Die Tatsache, dass sich knapp 190 Staaten überhaupt darauf verständigen konnten, neue Verhandlungen aufzunehmen, dass sie sich erste Ziele bis 2020 gegeben haben - das ist ein gewaltiger Fortschritt, selbst wenn er nur in einer Fußnote versteckt ist. Auch das Kalkül von Heiligendamm ist aufgegangen: Die USA haben sich, nicht ohne Dramatik, auf den Weg zurück in ein Klimaabkommen gemacht.

Reicht das? Zweifel sind angebracht. Bei genauem Hinsehen enthalten die Verhandlungsdokumente mehr als nur den Fahrplan für neue Klimaverhandlungen. Sie sind voller Ausnahmen, Hintertürchen, Vorbehalte. Im schwierigen Kompromiss von Bali steckt in jeder Zeile mindestens ein Partikularinteresse.

Viele Staaten, vor allem die Schwellenländer, haben sich so ihre Zustimmung abkaufen lassen. Und die sogenannte Bali-Roadmap, der Bauplan für das neue Klimaabkommen, ist die Illusion einer Win-win-Situation, eines Klimaschutzes, der nur Gewinner kennt.

Was aber, wenn diese Illusion zerplatzt? Wenn sich zeigt, dass die Industriestaaten zwar willens sind, ihre eigenen Emissionen zu mindern - aber nicht, den Umbau der saudischen Ölwirtschaft mitzufinanzieren? Wenn erst einmal klar wird, wie viele Milliarden der Norden aufbringen muss, damit Waldbesitzer in den Tropen ihre Bäume stehen lassen?

Noch nie in der Geschichte der Menschheit sind Staaten gemeinsam so weit gegangen, um ein Problem zu lösen. Nur sieht es so aus, als gerieten sie mit jedem Schritt näher an den Punkt, an dem sie mit den bisherigen Methoden nicht weiterkommen; dieser Punkt ist der Zahltag.

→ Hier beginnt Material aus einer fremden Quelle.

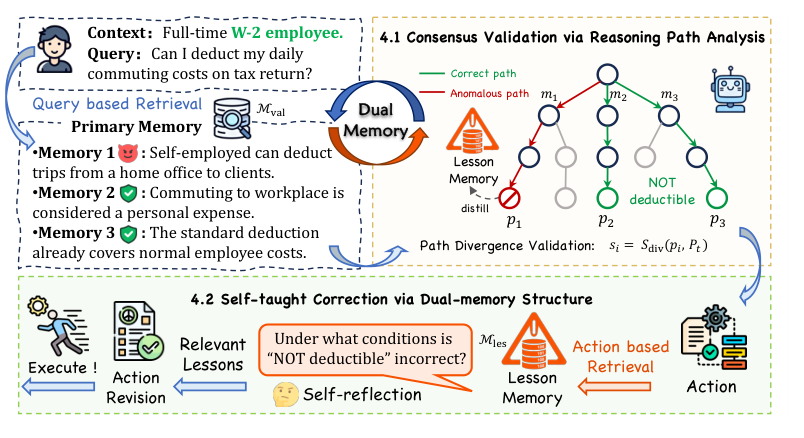 Figure 2: A-MemGuard 아키텍처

Das heißt nicht, dass es keine globale Antwort auf den Klimawandel geben kann. Angesichts der Tragweite des Problems braucht der Klimaschutz nur eine neue, andere Dynamik als bisher. Für diese Dynamik stehen bisher allein die Europäer. Sie alleine beweisen derzeit Mut zur Führung, die Bereitschaft, tatsächlich eine Last zu schultern.

Im Jahr 2007 hat dieser Mut erstaunlich weit getragen. Er hat geholfen, die Zurückhaltung der Schwellenländer aufzubrechen. China, Indien, Brasilien und Südafrika bremsen nicht mehr den Klimaschutz, sie fördern ihn. Legen erste Staaten das plumpe Eigeninteresse ab, fällt dies offenbar auch anderen leichter.

Die Abwesenheit der USA aber können sie alle nicht ausgleichen; sie fehlen nicht nur als größter Treibhausgas-Emittent, sondern auch als Führungsmacht. Das Einlenken der US-Delegation auf Bali, der Verzicht auf ein schon angekündigtes Veto, war ein bemerkenswerter Schritt für ein Land, das in allen anderen Feldern der Weltpolitik eben diese Führungsrolle beansprucht.

Erstmals haben sich die USA damit den restlichen Staaten sichtbar untergeordnet, in Ermangelung jeglicher Alliierter. Für Washington dürfte dieser Umstand dauerhaft schwer erträglich sein; die Post-Bush-Regierung wird diese Isolation kaum dulden wollen. Das nährt Hoffnung.

In dem Moment, in dem sich die USA endlich an die Spitze der Klimabewegung setzen, in dem sie begreifen, dass es hier um die Zukunft des globalen Wohlstands geht, wird auch das Spiel enden, in dem bisher noch jede Klimakonferenz ihre Ergebnisse spiralförmig nach unten geschraubt hat. Dass dieser Prozess das Bali-Mandat nicht in die völlige Beliebigkeit geführt hat, verdankt die Welt den Europäern, übrigens nicht zuletzt der harten Haltung des Umweltministers Gabriel.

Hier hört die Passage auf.